__What is being asked__.
Every line from the one holding "Loft Novo, Luxo, com" through the one holding "Lexus GX series 2020 · 4.6 AT" in the data below must be returned exactly, both ends included, with pictures left out and nothing else added.

__The data__.
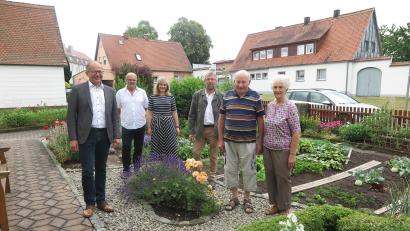 Bild: jzk
Erster Bürgermeister Roman Schäffler (links), Zweiter Bürgermeister Hermann Schraml (Dritter von rechts), Sohn Markus und Tochter Renate gratulierten Franz Schwemmer (mit Ehefrau Rosemarie, von links) zum 80. Geburtstag.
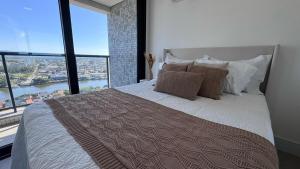 Loft Novo, Luxo, com vista excepcional de Torres!!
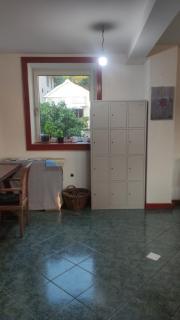 Woodpecker Backpacker Hostel - 2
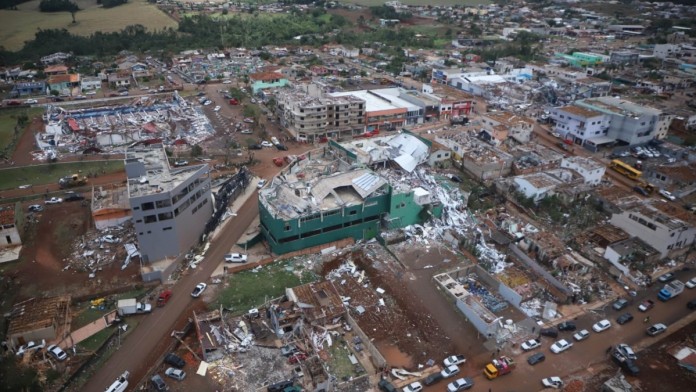 o tornado no Paraná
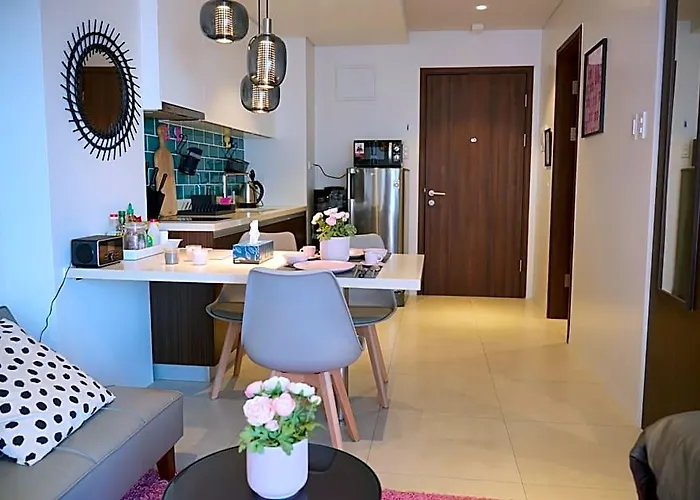 Chic Cozy At Tambuli Residences Ocean View By Dominik With Pool Balcony In Mactan Cebu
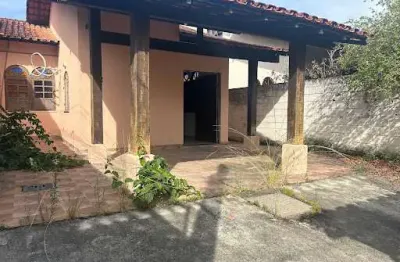 Casa linear 2 quartos + anexo na melhor localização de itaipu.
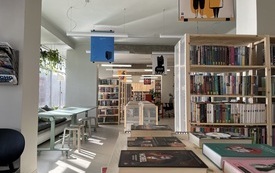 Regały r&oacute;żnej wysokości, na regałach książki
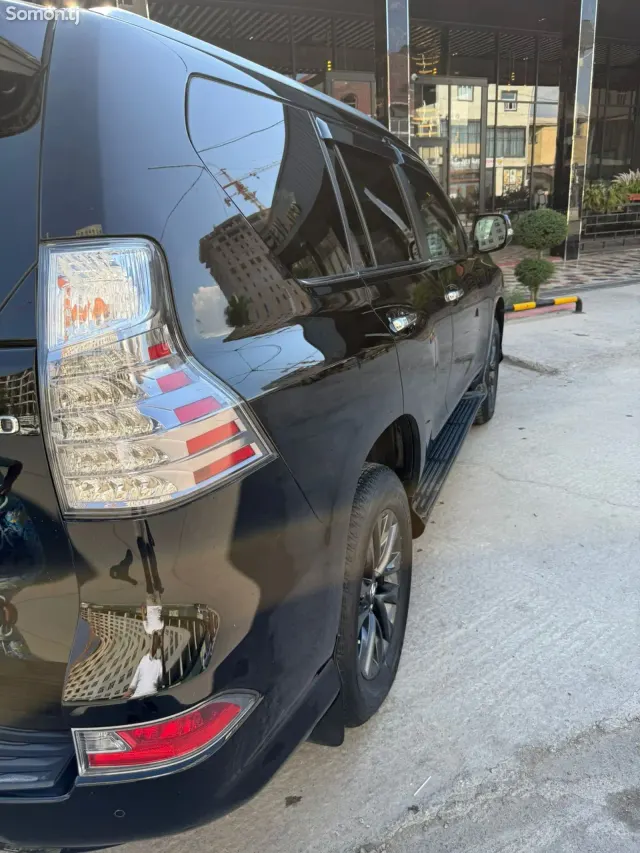 Lexus GX series 2020 · 4.6 AT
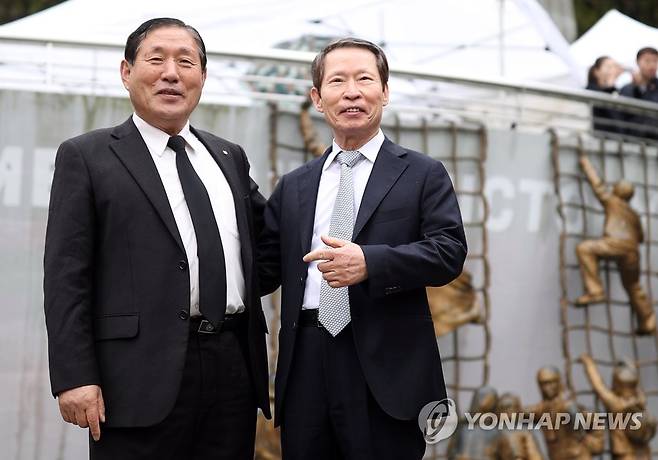 흥남철수작전 중 배에서 태어난 손양영·이경필 씨 (거제=연합뉴스) 김동민 기자 = 6일 오전 거제 포로수용소 유적공원에서 열린 '6·25 전쟁 흥남철수작전 메러디스 빅토리호 승선원 환영식'에서 당시 메러디스 빅토리호에서 태어난 손양영, 이경필(왼쪽)씨가 참석해 대화를 나누고 있다. 이들은 김치1호, 김치5호로 불렸다. 2018.4.6 image@yna.co.kr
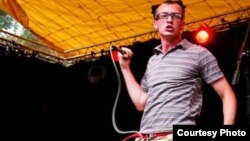 Беларускі сьпявак Янка Маўзэр, архіўнае фота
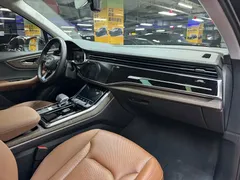 2021 Audi Q7 55 TFSI quattro S line, чёрный — фото 14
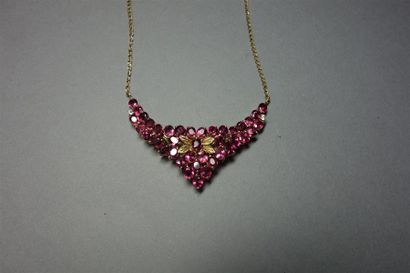 Collier en or jaune 14K (585/oo), le motif...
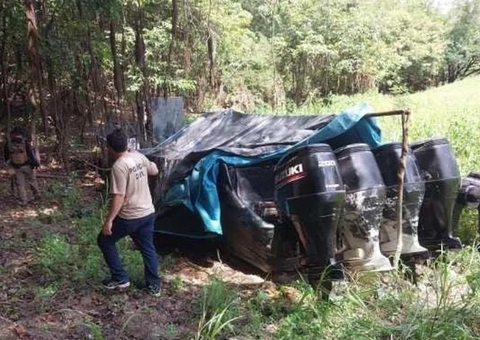 Polícia destrói lancha que seria usada por traficantes no Amazonas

__Exercise answer__.
 Loft Novo, Luxo, com vista excepcional de Torres!!
 Woodpecker Backpacker Hostel - 2
 o tornado no Paraná
 Chic Cozy At Tambuli Residences Ocean View By Dominik With Pool Balcony In Mactan Cebu
 Casa linear 2 quartos + anexo na melhor localização de itaipu.
 Regały r&oacute;żnej wysokości, na regałach książki
 Lexus GX series 2020 · 4.6 AT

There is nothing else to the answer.